= Work item =
No picture belongs in the answer, which must hold exactly the lines from the one with "The West Indies, Painted" through the final line below.

= Data shown =
*****
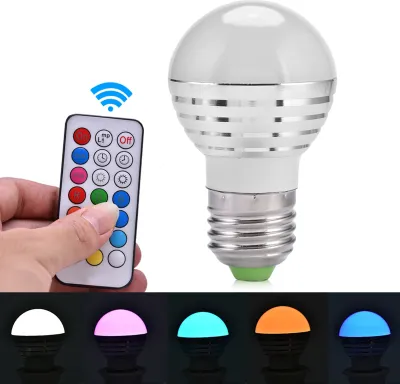 Immagine prodotto di Luce della candela di RGB, luce di RGB LED, luce cambiante della candela, luce di colore del LED, luce della candela cambiante colore di RGB LED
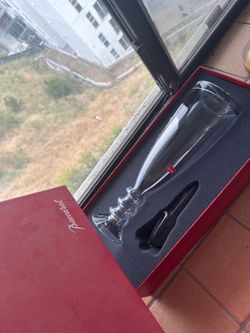 Baccarat Large Crystal Glass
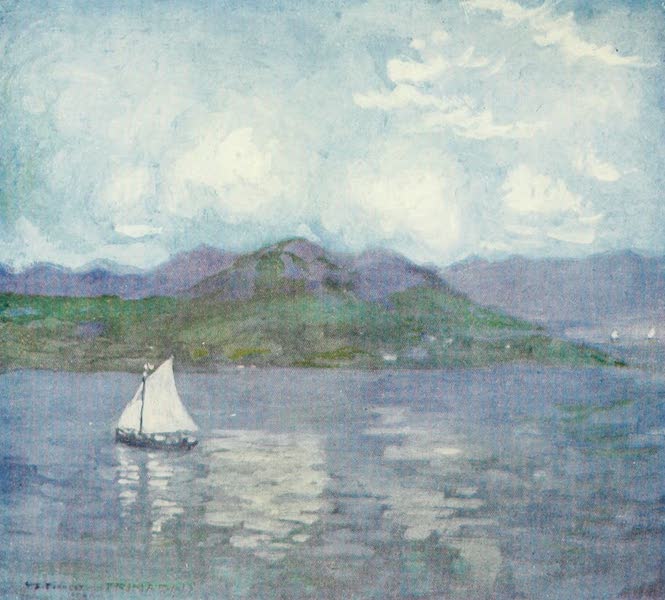 The West Indies, Painted and Described - Off Trinidad (1905)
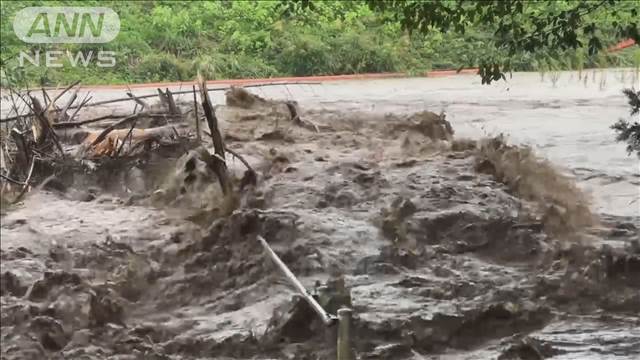 【石川県に大雨特別警報】珠洲市で7河川　輪島市で5河川が氾濫　国交省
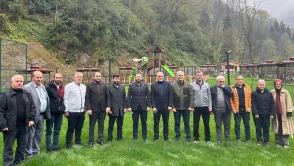 Çamlıhemşin'de Büyük Projeler Gündeme Geldi: Milletvekili Muhammed Avcı'dan Önemli Ziyaret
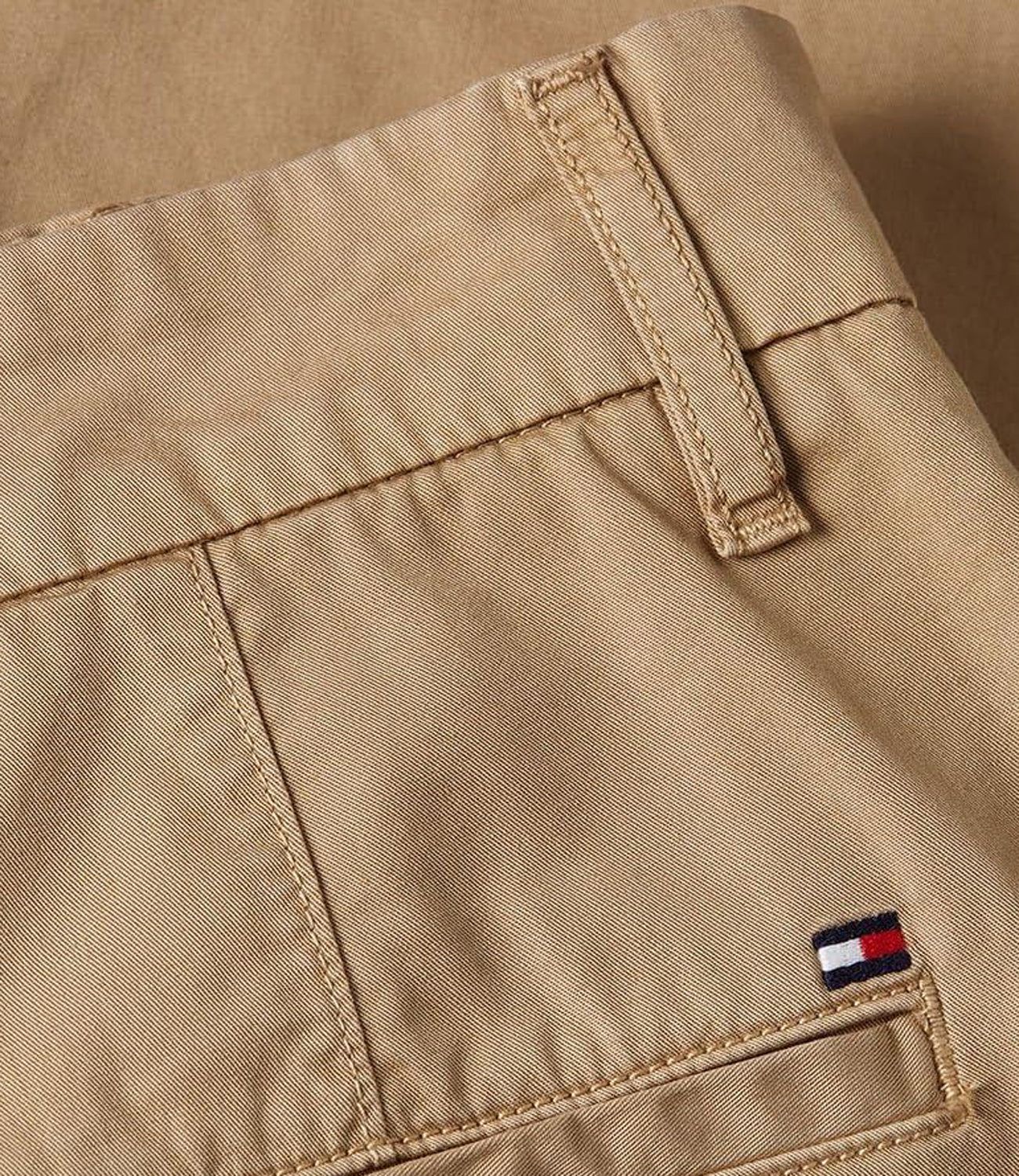 Tommy Hilfiger Short Donna Mod. WW0WW42457 AEG Beige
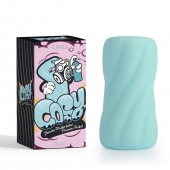 Аквамариновый мастурбатор Stamina Masturbator Pleasure Pocket - Chisa - в Саранске купить с доставкой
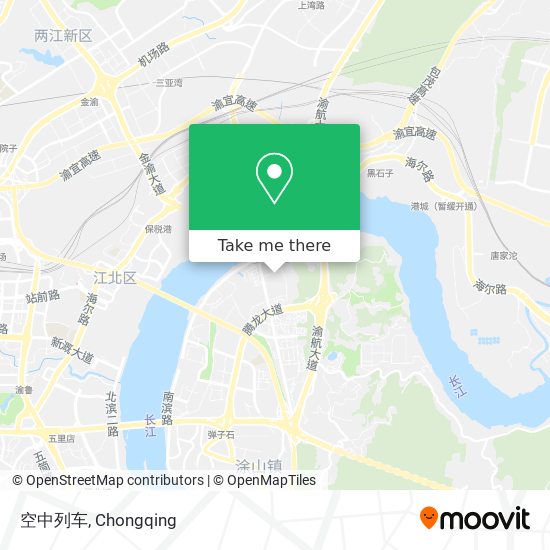 空中列车 map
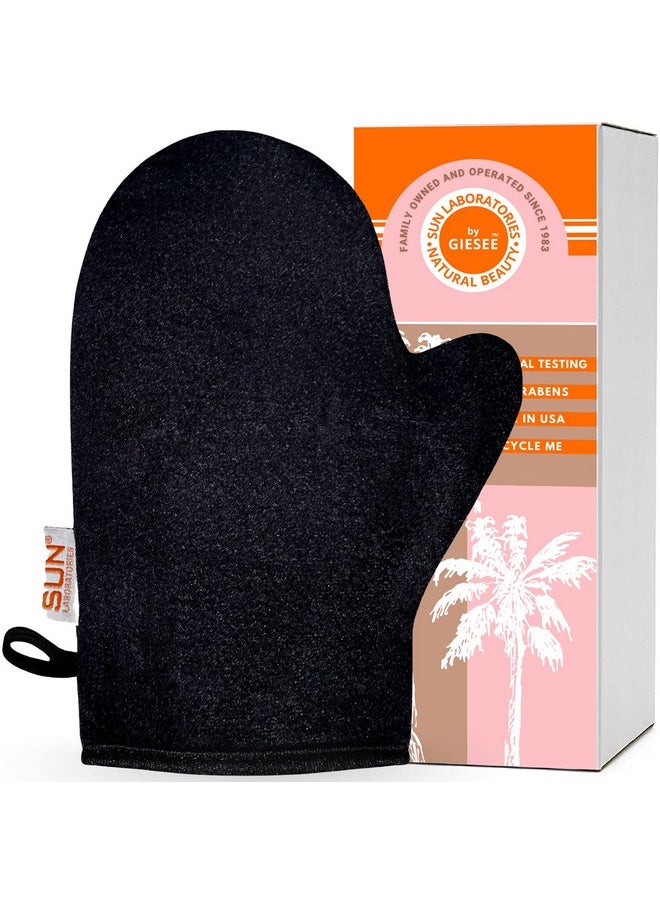 Sun Laboratories by Giesee Sun Laboratories By Giesee Tanning Mitt - Deluxe Self Tanning Mitt, Lotion Applicator, and Glove Set for Easy Application - Sunless Tanning Lotion for Smooth, Even Tan  - Image 1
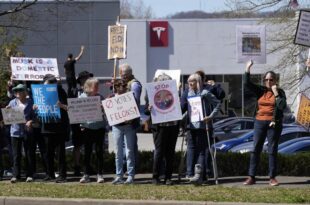 Protest musk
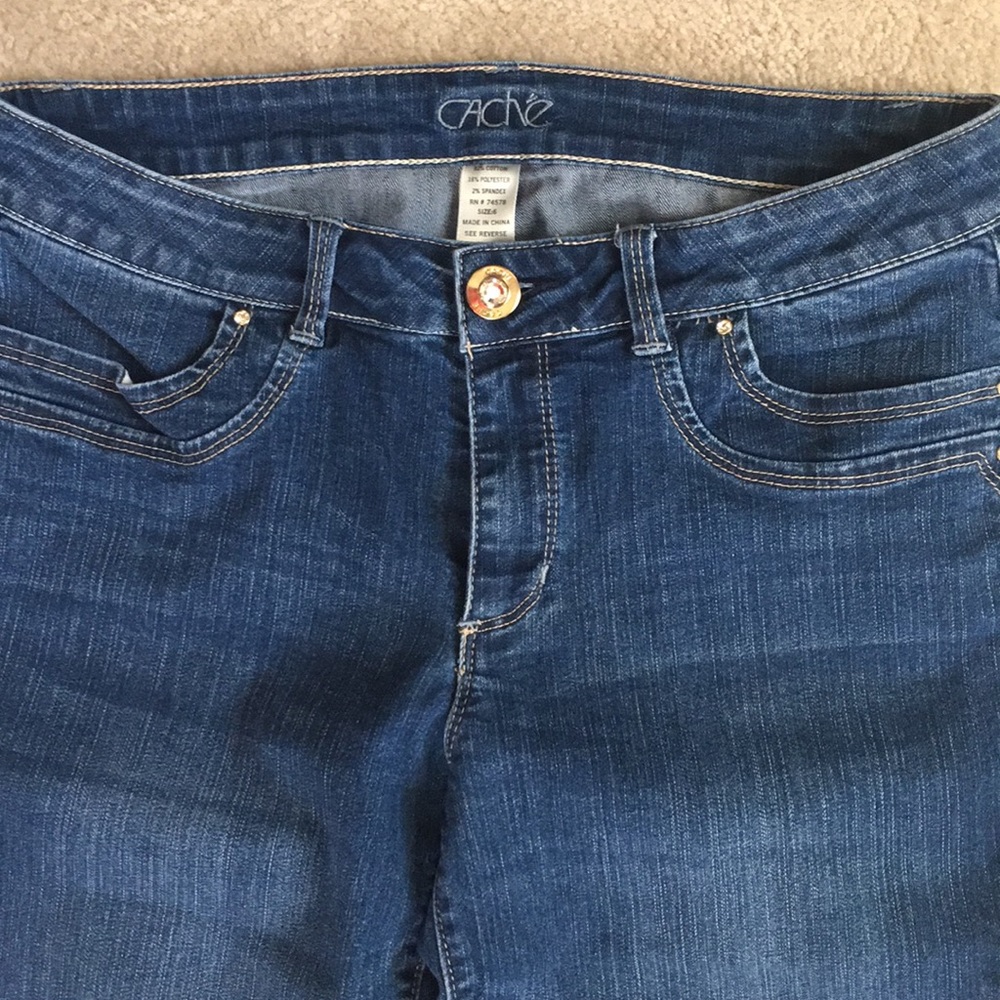 Cache jeans. - Picture 2 of 4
*****
= Reply to the exercise =
 The West Indies, Painted and Described - Off Trinidad (1905)
 【石川県に大雨特別警報】珠洲市で7河川　輪島市で5河川が氾濫　国交省
 Çamlıhemşin'de Büyük Projeler Gündeme Geldi: Milletvekili Muhammed Avcı'dan Önemli Ziyaret
 Tommy Hilfiger Short Donna Mod. WW0WW42457 AEG Beige
 Аквамариновый мастурбатор Stamina Masturbator Pleasure Pocket - Chisa - в Саранске купить с доставкой
 空中列车 map
 Sun Laboratories by Giesee Sun Laboratories By Giesee Tanning Mitt - Deluxe Self Tanning Mitt, Lotion Applicator, and Glove Set for Easy Application - Sunless Tanning Lotion for Smooth, Even Tan  - Image 1
 Protest musk
 Cache jeans. - Picture 2 of 4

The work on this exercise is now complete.